Stored data
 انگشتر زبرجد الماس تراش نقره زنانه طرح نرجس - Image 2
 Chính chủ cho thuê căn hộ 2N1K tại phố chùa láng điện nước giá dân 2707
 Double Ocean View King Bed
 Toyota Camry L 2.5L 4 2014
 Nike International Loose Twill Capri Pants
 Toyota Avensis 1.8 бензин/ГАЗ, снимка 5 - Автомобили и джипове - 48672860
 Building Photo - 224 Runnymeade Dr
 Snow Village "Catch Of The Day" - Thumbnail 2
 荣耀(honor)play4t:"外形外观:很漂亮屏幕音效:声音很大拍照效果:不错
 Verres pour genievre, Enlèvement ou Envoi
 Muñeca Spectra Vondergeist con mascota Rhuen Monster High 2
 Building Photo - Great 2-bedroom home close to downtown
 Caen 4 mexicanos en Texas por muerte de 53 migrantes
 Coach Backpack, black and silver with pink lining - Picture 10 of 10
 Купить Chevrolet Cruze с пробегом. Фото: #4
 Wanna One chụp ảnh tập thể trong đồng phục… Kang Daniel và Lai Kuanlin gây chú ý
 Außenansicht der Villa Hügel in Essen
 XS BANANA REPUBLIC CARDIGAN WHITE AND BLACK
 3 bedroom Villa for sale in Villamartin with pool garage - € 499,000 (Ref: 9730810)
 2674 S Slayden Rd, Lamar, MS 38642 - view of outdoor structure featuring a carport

> **EXERCISE DIRECTIONS**: Output exactly the lines between the one containing "Toyota Camry L 2.5L 4 2014" and the final line above, both inclusive.

> **YOUR SOLUTION**:
 Toyota Camry L 2.5L 4 2014
 Nike International Loose Twill Capri Pants
 Toyota Avensis 1.8 бензин/ГАЗ, снимка 5 - Автомобили и джипове - 48672860
 Building Photo - 224 Runnymeade Dr
 Snow Village "Catch Of The Day" - Thumbnail 2
 荣耀(honor)play4t:"外形外观:很漂亮屏幕音效:声音很大拍照效果:不错
 Verres pour genievre, Enlèvement ou Envoi
 Muñeca Spectra Vondergeist con mascota Rhuen Monster High 2
 Building Photo - Great 2-bedroom home close to downtown
 Caen 4 mexicanos en Texas por muerte de 53 migrantes
 Coach Backpack, black and silver with pink lining - Picture 10 of 10
 Купить Chevrolet Cruze с пробегом. Фото: #4
 Wanna One chụp ảnh tập thể trong đồng phục… Kang Daniel và Lai Kuanlin gây chú ý
 Außenansicht der Villa Hügel in Essen
 XS BANANA REPUBLIC CARDIGAN WHITE AND BLACK
 3 bedroom Villa for sale in Villamartin with pool garage - € 499,000 (Ref: 9730810)
 2674 S Slayden Rd, Lamar, MS 38642 - view of outdoor structure featuring a carport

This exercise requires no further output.